To: expiredoptions who wrote (43614)1/10/2013 4:04:01 PM
From: GROUND ZERO™  Read Replies (1) | Respond to of 218924
 
No, nothing like that... you can read the header of this thread for a full and detailed explanation of the terms used for my model, but here's a copy and paste of the VP, the Vertical Price...

The Vertical Price:

A vertical price (VP) is the price of maximum stretch during a rally or a decline. In a down market, there is a price where excessive selling becomes completely exhausted (at least for the meantime) and where buying is mostly likely to enter the market and begin a rally. This vertical price is NOT a target, there is no certainty that the market will actually reach the vertical price. But, if the market in fact hits that vertical price, then I may cover my short position and go long for a quick trade but it is not a buy signal, it's just a warning that the market is extremely oversold and that you should expect a brisk rally from that point. The inverse is also true in an up market.

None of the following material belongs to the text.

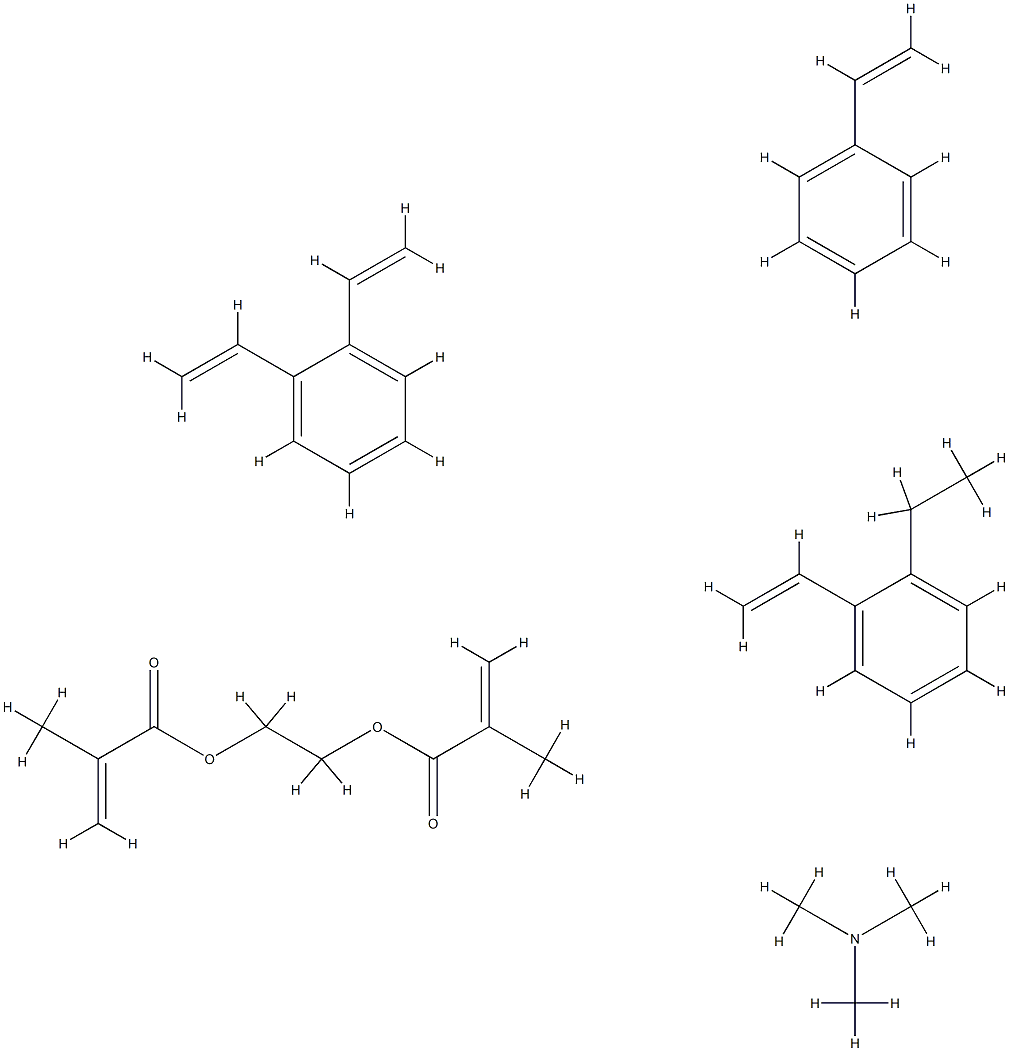 2-Propenoic acid, 2-methyl-, 1,2-ethanediyl ester, polymer with diethenylbenzene, ethenylbenzene and ethenylethylbenzene, chloromethylated, reaction products with trimethylamine 结构式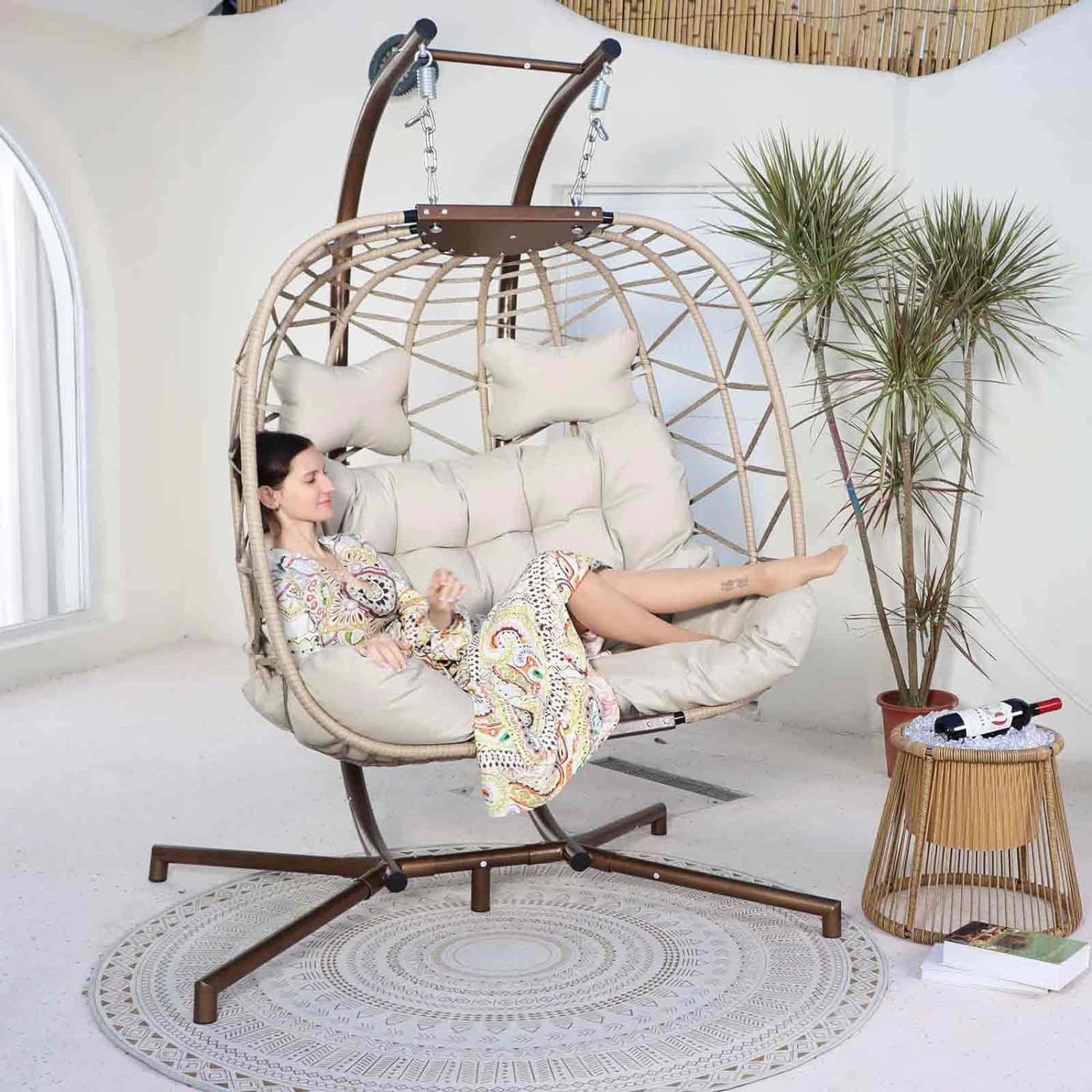 Hangstoel Helsinki - Creme wicker/ Touw - Goud/Brons frame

Interestingly enough, the market typically turns around within a few ticks of that vertical price, so it's a highly reliable indicator. On any new buy or sell signal I will also post the new vertical price so we can watch for it in advance.

There's never a guarantee that the market would reach any vertical price, but if/when it does, then you can expect a sharp reaction from that price about 95% of the time. These VP's have absolutely nothing to do with gaps or trend lines or with any other technical analysis, it's a completely original phenomenon I discovered during the development of my model.